In cooperative MARL, SMAC is the most popular testbed for the centralized training and decentralized execution paradigm. Other important testbeds are Google Research Football (GRF) and Multiple Particle Environment (MPE).
Comparing the SMAC and other testbeds (MPE and GRF), SMACv2 (upgraded version of SMAC) is the latest testbed and proposed in 2023. This work critiques the original benchmark for lacking stochasticity and meaningful partial observability (SMAC, MPE, and GRF) and claims they simplify the coordination. It deliberately increases the stochasticity, meaning partial observability, and conducts thorough experiments to verify it. Our method aims to address the coordination issue in MARL and this problem is mostly induced by the partial observability of the agents. Therefore, our method is possible to demonstrate the superiority on the benchmark requiring high-level coordination, otherwise, the performance gap is not obvious for the benchmark where agents do not even need to coordinate to finish the tasks.
Compared with other benchmarks, SMACv2 is more challenging from the following points. 1. Complex observation dimension (hundreds). 2. Diversity (many maps and unit types with different functions). 3. Stochasticity (different designed start positions). 4. meaningful partial observability (mask many irrelevant information). We believe the results from SMACv2 would generalize well to other MARL environments suffering from coordination issues since we chose the most challenging benchmark in this field.

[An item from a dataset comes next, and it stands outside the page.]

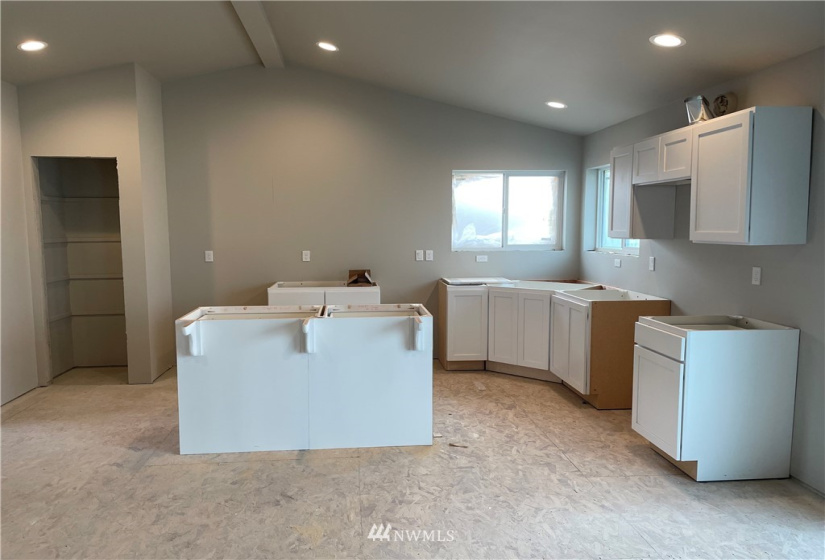 12 Emma, Wenatchee, Washington 98801, 3 Bedrooms Bedrooms, ,1 BathroomBathrooms,Residential,For Sale,Pheasant Hills,Emma,NWM1867609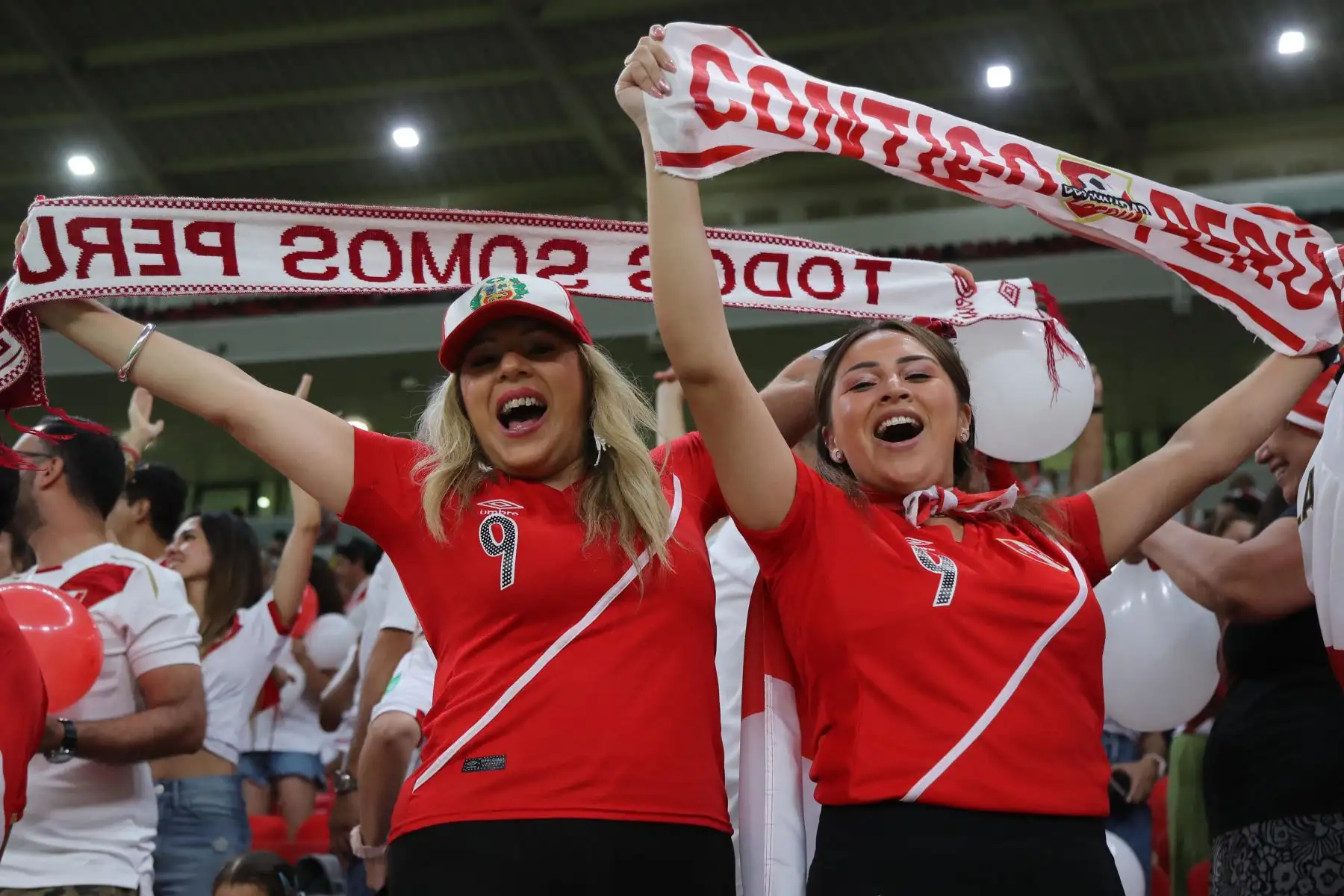 Hinchas de la selección peruana, animan antes del partido de repechaje entre Australia y Perú en el estadio Ahmed bin Ali. Foto: AFP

Have you considered the possibility of deadlocks in your asynchronous mechanism? What measures, if any, have been implemented to prevent or resolve potential deadlocks?
Deadlock occurs when two or more agents obtain the same intention value at the same time, and then they need another rule to determine the priority. In our implementation, each agent is assigned an index, and the rule to break the deadlock is the agent with a small index to determine first.
Can you provide an analysis of the computational complexity of SeqComm compared to existing methods, especially for large-scale multi-agent systems?
The computational complexity of SeqComm mainly related to communication overhead.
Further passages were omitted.